Oleh : Mochamad Irfansyah[1]
“Jangan cari AIR, carilah dahaga ~Jalaludin Rumi”
Dengan dahaga kau akan lebih mencintai AIR
Ketiadaan
aturan yang melarang laki-laki dan perempuan dalam pergaulan bebas pasti akan
menyebabkan bertambahnya gelora seksual. Jika gelora seksual ini tidak ditahan
dan selalu terfasilitasi maka akan pula menyebabkan hasrat jiwa dengan
kebutuhan seksual yang tidak mungkin terpuaskan. Jika demikian, artinya
kehausan akan naluri seksual pada dasarnya merupakan insting yang kuat dan
berakar. Semakin para pemuda-mudi menuruti kemauannya semakin bertambah pula
tuntutannya, seperti api yang bertambah kobarannya manakala dijejali kayu
bakar. Maka supaya api itu tidak bertambah besar kita perlu menahan diri untuk
tidak menjejalinya dengan kayu bakar atau memilih untuk memadamkannya.
Manusia
memang cepat terpicu gairahnya, dan tidak benar jika dikatakan bahwa manusia
dalam menerima rangsangannya mempunyai batas-batas tertentu yang membuat gairah
seksualnya hilang atau reda.

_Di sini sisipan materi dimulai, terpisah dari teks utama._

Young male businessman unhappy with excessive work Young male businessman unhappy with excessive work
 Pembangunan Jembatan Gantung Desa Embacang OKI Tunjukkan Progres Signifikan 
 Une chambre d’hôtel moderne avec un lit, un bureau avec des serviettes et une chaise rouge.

Cinta yang terjadi -baik atas laki-laki maupun
perempuan- terhadap harta dan pangkat juga tidak ada batasnya dan tak akan
pernah merasa puas terhadap keduanya sedikit pun. Hal ini sejalan dengan
insting seksualnya. Jadi, tidak ada seorang laki-laki yang pernah puas melihat
wajah yang cantik dan tidak ada pula seorang wanita yang puas mencari simpati
hati laki-laki. Dan pula tidak ada hati yang puas terhadap hawa nafsu dan
kegemarannya.
Dalam
buku Our Oriental Heritage, Will Durant berkomentar atas ini. “Meski
semua tahu bahwa tuntutan akan kebutuhan seksual tak terbatas, namun dari sisi
lain, tuntutan akan ini tak akan mungkin bisa ter(di)wujudkan-baik kita
kehendaki ataupun tidak”. Semakin kita mengikuti tuntutan ini malah akan
membawa kita pada ketidakmujuran atau kegoncangan-kegoncangan jiwa. Dan dalam
jangka panjang akan menyebabkan penyakit-penyakit psikologis.[2]
Kelaziman
tentang kabiasaan yang menuruti hasrat seksual ini menurut para filsuf muslim disebut sebagai penyakit jiwa. Sebab meningkatnya penyakit jiwa ini adalah
kebebasan seksual dan faktor-faktor pemicu nafsu syahwat yang banyak ditemui
-khususnya para lelaki- pada berbagai surat kabar, media sosial, pesta-pesta
ataupun media yang lainnya. Hal ini terjadi karena terjadinya kebutuhan dalam
menterjemahkan “perempuan” yang hanya dilihat dari satu aspek saja.[3]
Menurut
para filsuf muslim, manusia harusnya melihat perempuan tidak hanya dari segi
fisik saja. Perempuan pada dasarnya suatu objek yang keindahannya melintas dari
jiwa menuju fisik. Dan untuk menterjemahkan perempuan secara fisik, seorang
manusia harus memahami dahulu perempuan dalam definisi jiwa atau aspek diluar
fisiknya (non material). Dengan demikian, maka para
filsuf muslim meyakini bahwa pengertian perempuan tidak hanya memenuhi
perempuan secara fisik saja, melainkan laki-laki juga (pasti) memiliki potensi
jiwa keperempuanan.
Hakikat Perempuan
Dalam
definisi yang hakiki, pengertian tentang perempuan harus kita kupas dari segala
aspek fisik yang melekat daripadanya. Apabila kita hendak mengartikan perempuan
sebatas aspek fisik maka itu bukanlah yang haikiki dari perempuan, karena
segala sesuatu yang fisik tidaklah yang permanen dari perempuan. Aspek fisik
hanyalah atribut saja, yang bisa digantikan dengan atribut yang lain. Apabila
hendak memaksa juga menterjemahkan perempuan dalam pengertian fisik, maka kita
harus menyadari karakter dari fisik itu berubah seiring dengan pergerakan
waktu, lambat laun akan mengkisut dan sirna ditelan zaman. Pengertian yang semacam
ini tidaklah hakikat atau memenuhi keabdaian.
Yang
juga merupakan konsekuensi dari pendefinisian perempuan secara fisik, yakni
kita juga akan meyakini bahwa cinta itu juga ditentukan dari aspek fisik.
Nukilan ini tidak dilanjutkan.